Langham Literature provides Majority World pastors, scholars and seminary libraries with good books and electronic resources through grants, discounts and distribution.
We also foster the creation of indigenous evangelical books for pastors in many languages, through training workshops for writers and editors, sponsored writing, translation, strengthening local evangelical publishing houses, and investment in major regional literature projects.
Bible Commentaries are a special contribution that Langham makes to the world of theological scholarship and to the Global Church. These commentaries grow from the local culture and needs of the indigenous Church and are written by theologian-authors (who are often Langham Scholars) from that culture. As well as commentary on the scriptures, each one-volume commentary also includes articles on relevant cultural issues, bringing a biblical perspective to local issues.
These Bible commentaries help theological colleges prepare pastors; they help pastors prepare sermons; they help everyday Christians go deeper in their faith. The commentaries provide sound theological approaches to the unique issues and spiritual needs of Churches around the world — in their heart languages!

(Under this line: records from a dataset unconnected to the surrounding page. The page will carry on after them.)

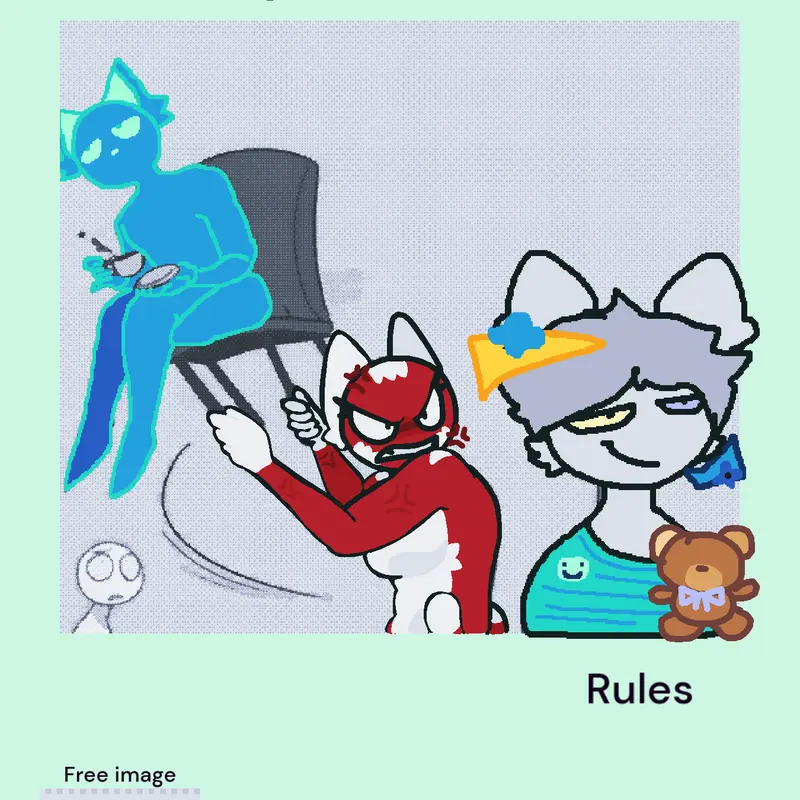 Game by @-SillyVanillyX-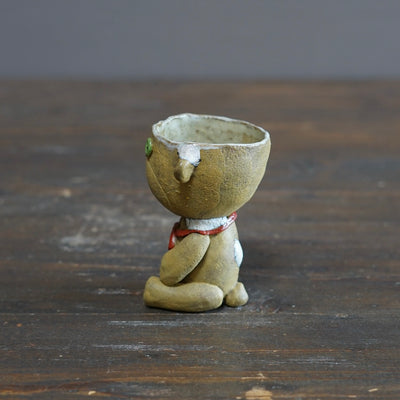 Shattered Memories Teddy Bear Cup #MK132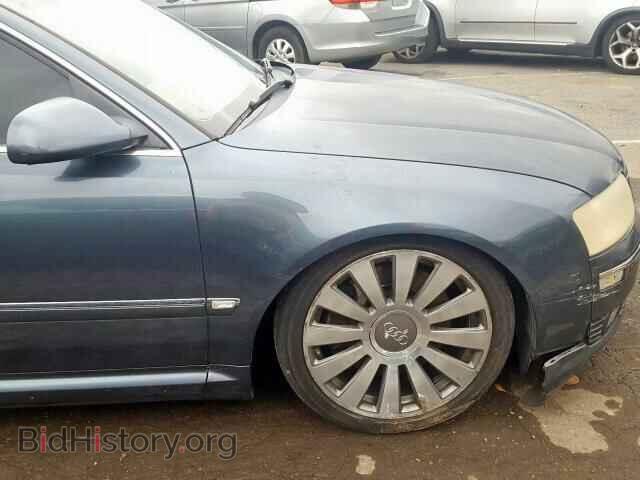 2005 AUDI A8 - VIN: WAUML44E05N004367 - Фото 9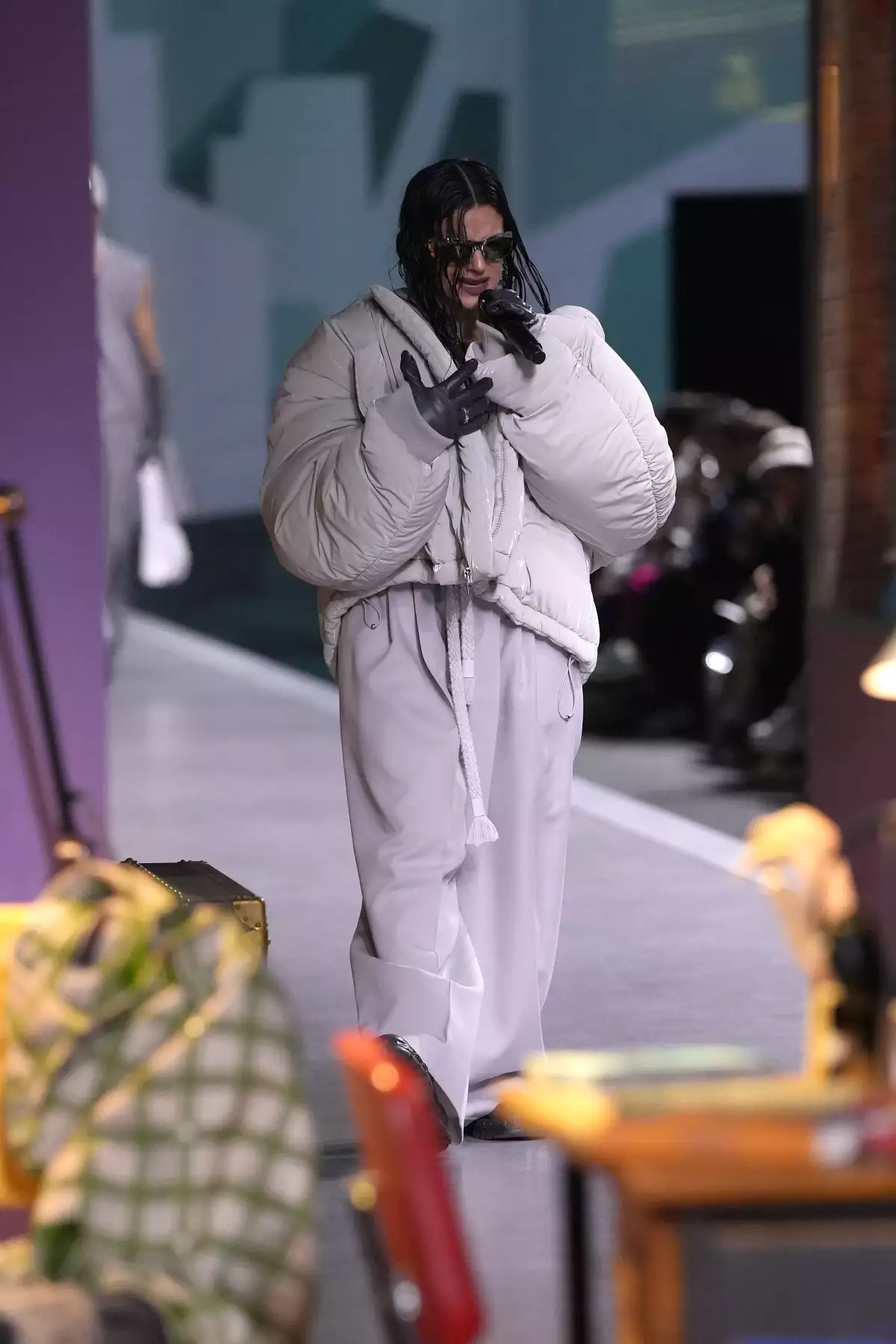 Louis Vuitton : Runway - Paris Fashion Week - Menswear Fall-Winter 2023-2024
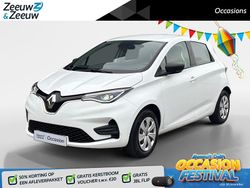 Wit Gebruikt 2020 Renault Zoe Life Hatchback | € 9.935 (Super prijs)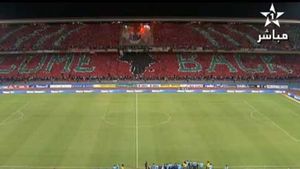 VIDEO Nebunie în tribune!** Coregrafia care a UIMIT 200.000 de oameni în 48 de ore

What a gift these commentaries are, made possible by the generosity of Langham donors from around the world!
The following principles guide these projects:
- The authors must be indigenous scholars, writing from within their own contexts, for the people of their region.
- All contributions must be in line with and support the confessional direction of the Lausanne Covenant.
- The work must contribute to developing the infrastructure of Christian publishing in the region.
There are 15 Bible Commentary Projects published
- Africa Commentary in English (2006) and translations to French (2008), Portuguese (2010), Swahili (2010), Malagasy (2014), Hausa (2019) and Amharic (2022);
- South Asia Commentary in English (2015) and translation to Hindi (2020);
- Slavic Commentary in Russian (2016) and Russian Revision (2022);
- Arabic Commentary (2018);
- Latin America Commentary in Spanish (2019) and translation to Portuguese (2022); and
- Branch Exposition New Testament Commentary (2021).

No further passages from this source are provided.